Topological Invariance and Breakdown in Learning
Yongyi Yang, Tomaso Poggio, Isaac Chuang, Liu Ziyin
TL;DR
This work analyzes learning dynamics under permutation-equivariant updates and proves a universal topological constraint on neuron configurations: for small steps, updates induce a bi-Lipschitz (hence topology-preserving) mapping between neurons, while large steps permit topological simplifications that reduce expressivity. The theory identifies a topological critical point η^* = 1/K, separating topology-preserving and topology-changing phases, and connects these phases to the edge-of-stability phenomenon observed in practice. Importantly, the results do not depend on specific architectures or losses, yielding a universal framework where permutation symmetry enforces topology on neuron distributions and densities through measure-preserving updates when below the critical rate.

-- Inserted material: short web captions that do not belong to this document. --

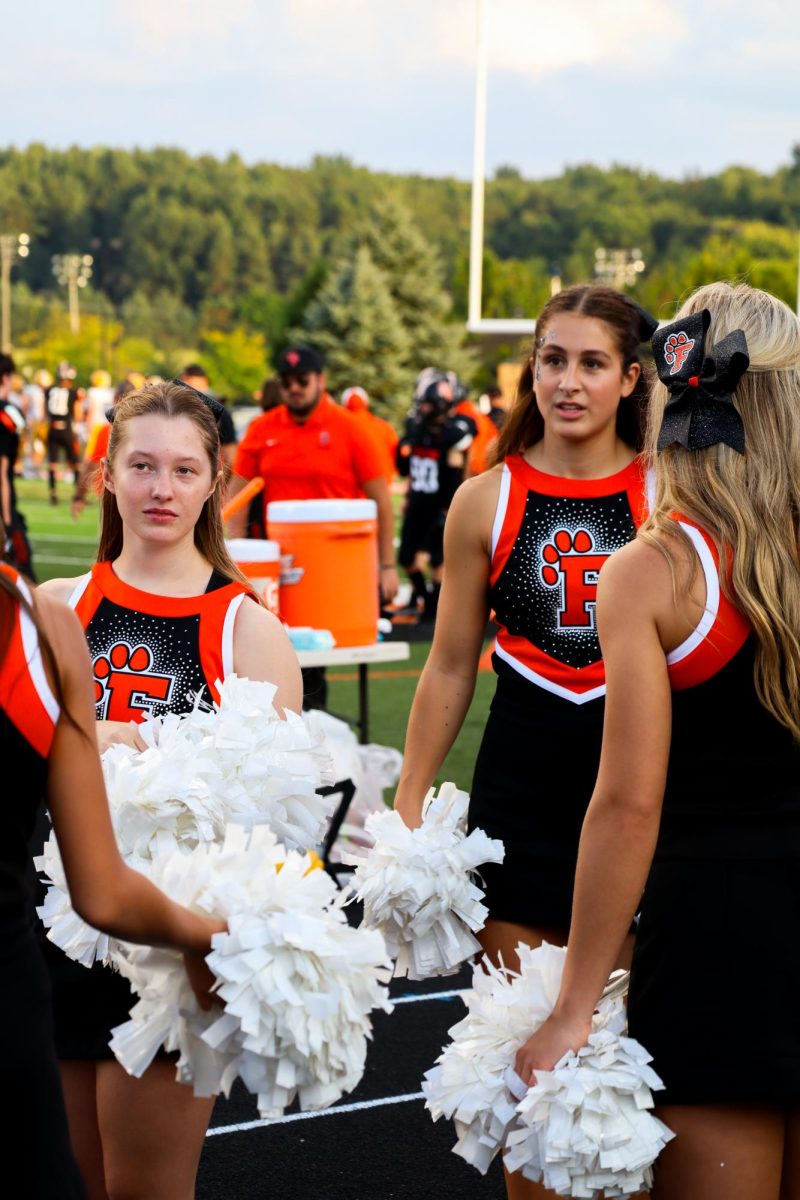 Preparing, sophomores Sophia Davidson and Campbell Dean discuss which cheer to perform next. On Aug. 28, Fenton varsity cheer encouraged the student section. 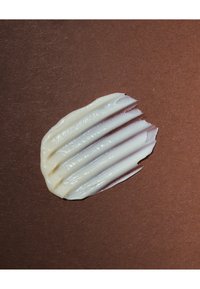 Tache de crème blanche avec des crêtes texturées sur une surface marron.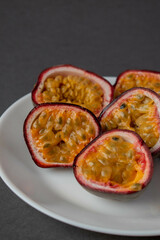 ripe organic passion fruit on a dark background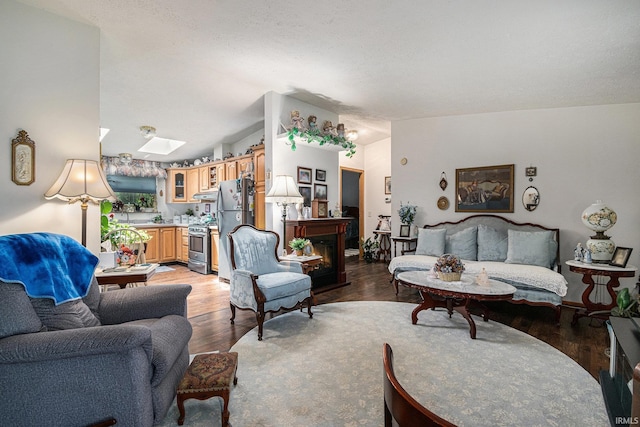 205 Par Blvd, Bristol, IN 46507 - living room with a skylight, light wood-style flooring, a fireplace, and vaulted ceiling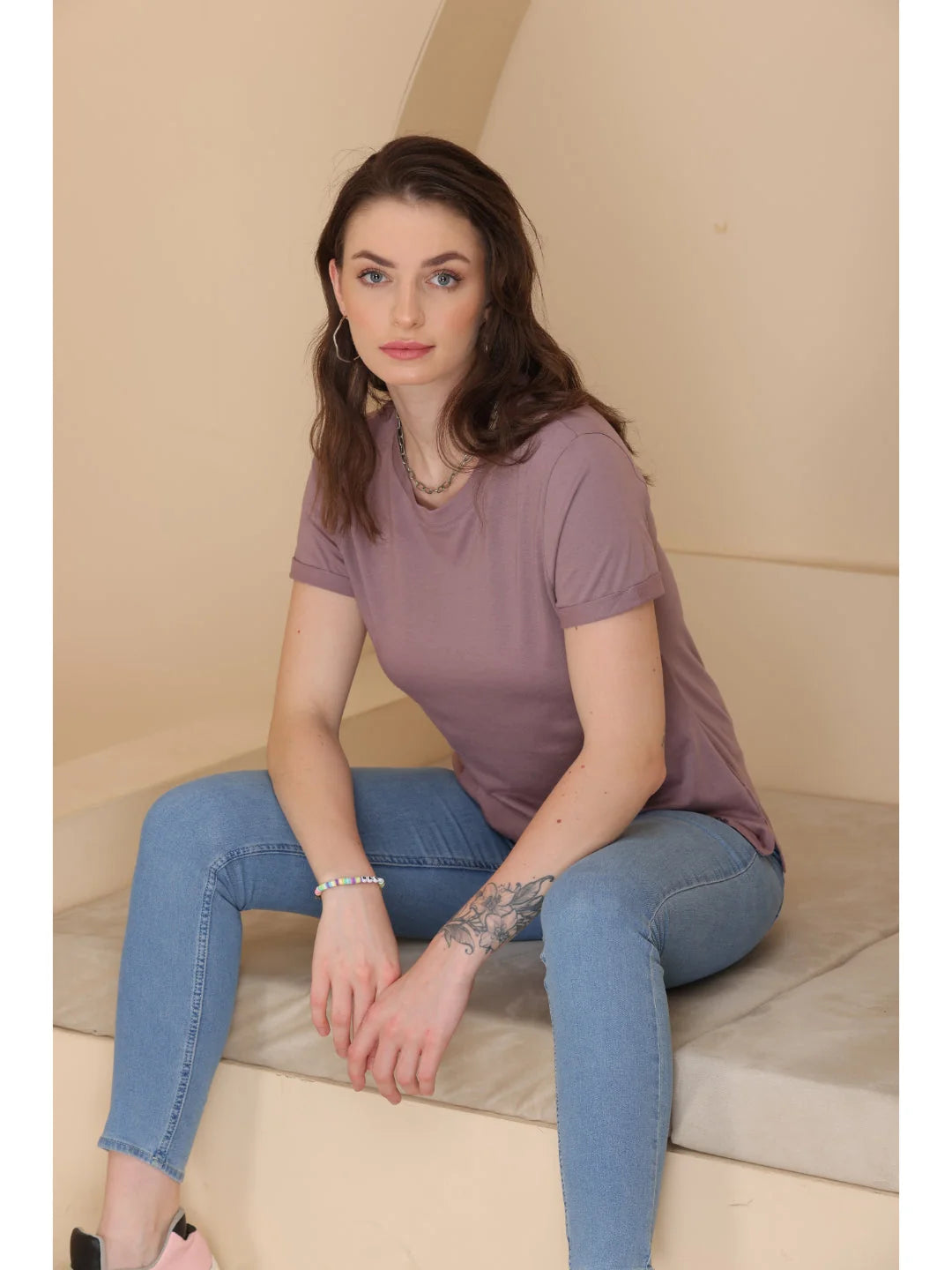 Bronze plain t shirts for women sitting relaxed pose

The paper further demonstrates the applicability to Gradient Descent and Adam, provides experimental illustrations with Betti numbers on low-dimensional neuron manifolds and real tasks, and discusses implications for learning-rate schedules and deep-learning theory beyond traditional NTK/mean-field pictures.
Abstract
We prove that for a broad class of permutation-equivariant learning rules (including SGD, Adam, and others), the training process induces a bi-Lipschitz mapping between neurons and strongly constrains the topology of the neuron distribution during training. This result reveals a qualitative difference between small and large learning rates $η$. With a learning rate below a topological critical point $η^*$, the training is constrained to preserve all topological structure of the neurons. In contrast, above $η^*$, the learning process allows for topological simplification, making the neuron manifold progressively coarser and thereby reducing the model's expressivity. Viewed in combination with the recent discovery of the edge of stability phenomenon, the learning dynamics of neuron networks under gradient descent can be divided into two phases: first they undergo smooth optimization under topological constraints, and then enter a second phase where they learn through drastic topological simplifications. A key feature of our theory is that it is independent of specific architectures or loss functions, enabling the universal application of topological methods to the study of deep learning.